The tenth anniversary of that fateful day in 2001 forced us all to reflect over repercussions of that momentous event. The massive forces of destruction unleashed in the wake of 9/11 probably changed the course of history, but the direction and speed of the change is yet unclear. The initial signals, however, are ominous. The wolves of war have begun to sniff their way around the world, and nobody knows who will be their next victim. It might be countries such as Iran, North Korea, Pakistan or any nation-state or individual that the hyperpower decides threatens its interests anywhere in the world.

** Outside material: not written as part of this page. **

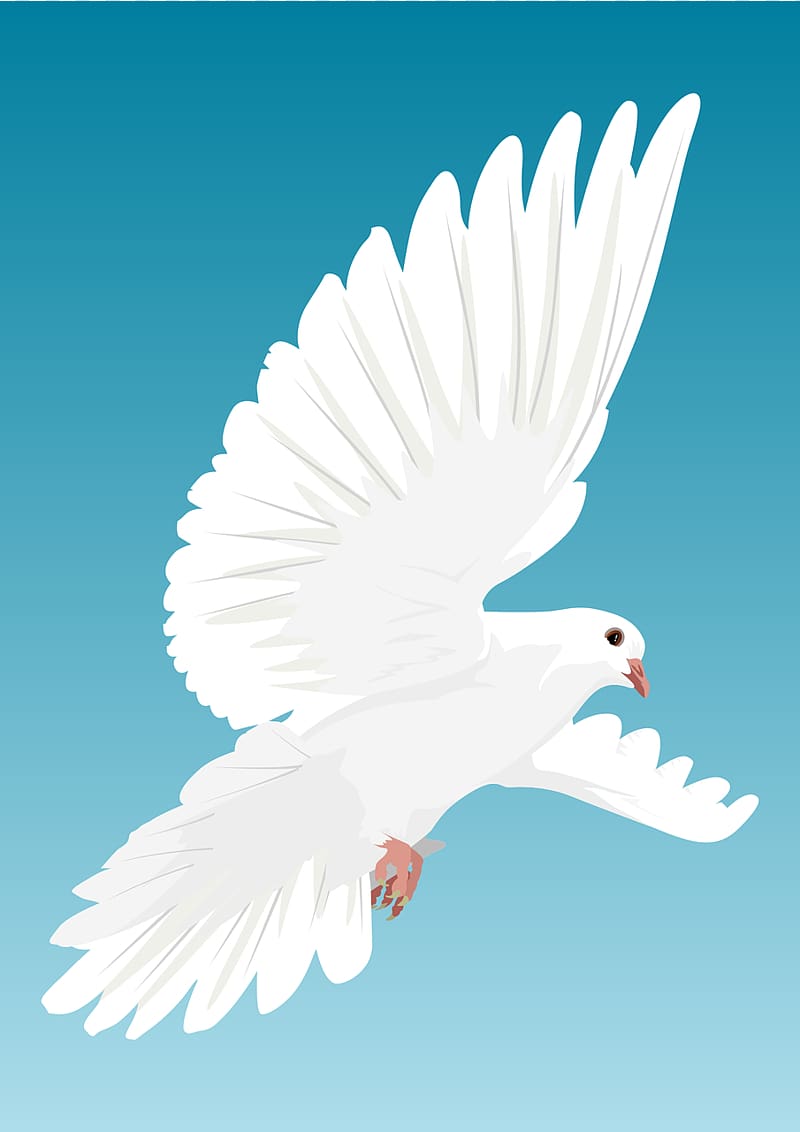 Columbidae Flight Bird Domestic Pigeon Dove Transparent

In the United States of America, 9/11 was remembered with solemnity. Ritualism was evident in the way the most powerful nation in the world marked one of the worst days in its history. Former president George Bush II – who sent his country’s armed forces to occupy Afghanistan, invade Iraq and launch a global ‘war on terror’ – read out an almost forgotten letter from Abraham Lincoln to the mother of five soldiers killed in the line of duty. President Barack Obama, appearing more like a new and improved version of his predecessor rather than the reformist he had promised to be during elections, recited a calming psalm from the Bible.
The tranquil mien of the two most powerful personalities of the past decade, responsible for the greatest number of civilian casualties in the 21st century, cannot be construed simply as self-assurance or even imperial arrogance. The sense of atonement was absent from the entire memorial ceremony that was telecast live worldwide. Apparently, whether he has to beg at home, borrow from the Chinese or rob the Arabs, Uncle Sam will not let go of complete control over the planet without a mighty fight. Deception has always been an integral part of waging wars; just about any ruse will do in future to justify blatant aggression born out of desperation.
The Long War
The 20th century was an American one through and through. Those that dream of an Asian century now would do well to take a reality check: What does the older civilisation have to offer that the New World cannot forcibly take? The Chinese are indeed workshop owners who have to lend to the buyer in order to sell their products, but they have to operate within terms of trade over which they have little or no say. When Japan realised that power flowed from nuclear missiles and patent rights rather than shiploads of consumer durables or chequebooks, they meekly accepted the status quo of geopolitics. The Arabs too will have to make peace on the master’s terms if they are to survive the wars being waged to appropriate their resources. Meanwhile, the technology of fighting wars has become so refined that a victim falls without realising what has hit him.
The First World War differentiated between the armed forces and the civilian population, and the demarcation between the arena for negotiation and the battlefield was usually respected. That distinction disappeared during the Second World War and the legitimacy of collateral damage came to be accepted in diplomatic discourse. The Third Great War – for that is what the Cold War was to all intent and purposes – established ‘regime change’ as a valid objective of surreptitious wars. That was the ‘principle’ on which the Nicaraguan contras and the jihadists of Afghanistan and Pakistan came to be feted at Ronald Reagan’s White House as the moral equals of the American Founding Fathers.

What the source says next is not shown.